Change in the architecture and composition of cardiac extracellular matrix is a key element in adverse cardiac remodeling that occurs during heart failure. Most of the times, the result is the development of fibrosis, which has a huge impact on the pathophysiology and clinical outcomes of heart failure syndromes. Several molecules related to collagen metabolism detectable in the blood have been proposed as biomarkers of myocardial fibrosis. Despite concerns regarding the true ability of these biomarkers to reflect quantitative and qualitative changes in myocardial collagen, a growing body of evidence suggests that they may play a potential role in several aspects of heart failure management.
This review aimed to summarize published data regarding the role of circulating biomarkers of collagen metabolism in the assessment of prognosis in patients with heart failure with reduced or mid-range LVEF ventricular ejection fraction (LVEF < 40% or LVEF 40-49%, respectively). Medline electronic database was searched to identify relevant studies published through October 2016.
Most evidence regarding the prognostic value of collagen biomarkers in HF with reduced or mid-range LVEF lies on data concerning PIIINP and several MMPs and TIMP-1. Several prospective studies found that higher levels of PIIINP, several MMPs and TIMP-1 are associated with higher rates of mortality and/or HF hospital admissions in HF patients with LVEF < 50%.
Circulating collagen biomarkers have been shown to play a role in prognostic stratification in heart failure patients with reduced or mid-range ejection fraction.

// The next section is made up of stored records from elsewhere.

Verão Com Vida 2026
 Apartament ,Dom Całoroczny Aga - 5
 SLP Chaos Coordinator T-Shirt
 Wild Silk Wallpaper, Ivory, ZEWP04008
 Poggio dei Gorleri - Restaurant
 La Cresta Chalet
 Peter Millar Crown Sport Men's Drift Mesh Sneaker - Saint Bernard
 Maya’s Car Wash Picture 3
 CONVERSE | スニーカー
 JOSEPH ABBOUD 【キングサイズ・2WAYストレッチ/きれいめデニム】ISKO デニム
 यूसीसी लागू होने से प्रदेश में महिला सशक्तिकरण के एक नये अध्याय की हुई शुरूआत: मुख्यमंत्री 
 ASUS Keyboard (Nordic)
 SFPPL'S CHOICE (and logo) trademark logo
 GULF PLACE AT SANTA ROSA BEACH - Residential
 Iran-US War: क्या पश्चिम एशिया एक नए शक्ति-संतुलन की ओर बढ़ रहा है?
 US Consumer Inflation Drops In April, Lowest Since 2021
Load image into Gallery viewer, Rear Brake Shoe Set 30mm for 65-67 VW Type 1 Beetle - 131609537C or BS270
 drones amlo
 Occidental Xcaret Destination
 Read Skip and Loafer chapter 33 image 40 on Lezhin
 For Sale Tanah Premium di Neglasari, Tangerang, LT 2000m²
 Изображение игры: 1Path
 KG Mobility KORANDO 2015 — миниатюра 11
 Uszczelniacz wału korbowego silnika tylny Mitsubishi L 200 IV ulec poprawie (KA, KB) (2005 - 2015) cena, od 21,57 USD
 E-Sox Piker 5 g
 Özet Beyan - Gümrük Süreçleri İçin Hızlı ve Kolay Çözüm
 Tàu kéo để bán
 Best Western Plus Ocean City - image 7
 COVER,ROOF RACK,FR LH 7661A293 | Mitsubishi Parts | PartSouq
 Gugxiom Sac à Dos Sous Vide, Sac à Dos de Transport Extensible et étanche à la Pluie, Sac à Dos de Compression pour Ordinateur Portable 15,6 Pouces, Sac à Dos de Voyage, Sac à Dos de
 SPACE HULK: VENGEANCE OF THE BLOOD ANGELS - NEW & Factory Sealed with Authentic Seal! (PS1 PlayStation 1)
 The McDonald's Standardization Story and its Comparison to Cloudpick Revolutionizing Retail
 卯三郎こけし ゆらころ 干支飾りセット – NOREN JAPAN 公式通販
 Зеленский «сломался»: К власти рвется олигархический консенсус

心脏细胞外基质的结构和组成的改变是心力衰竭时发生不良心脏重构的关键因素。大多数情况下,其结果是纤维化的发展,这对心力衰竭综合征的病理生理学和临床结果有巨大影响。在血液中检测到的几种与胶原代谢相关的分子已被提议作为心肌纤维化的生物标志物。尽管人们对这些生物标志物真正反映心肌胶原的定量和定性变化的能力存在担忧,但越来越多的证据表明,它们可能在心力衰竭管理的几个方面发挥潜在作用。
本综述旨在总结有关循环胶原代谢生物标志物在评估射血分数降低或中间范围(LVEF<40%或 LVEF 分别为 40-49%)心力衰竭患者预后中的作用的已发表数据。通过 Medline 电子数据库检索,以确定截至 2016 年 10 月发表的相关研究。
关于胶原生物标志物在射血分数降低或中间范围心力衰竭中的预后价值的大多数证据都基于关于 PIIINP 和几种 MMPs 和 TIMP-1 的数据。几项前瞻性研究发现,较高水平的 PIIINP、几种 MMPs 和 TIMP-1 与 LVEF<50%的心力衰竭患者死亡率和/或心力衰竭住院率较高相关。
循环胶原生物标志物已被证明在射血分数降低或中间范围心力衰竭患者的预后分层中发挥作用。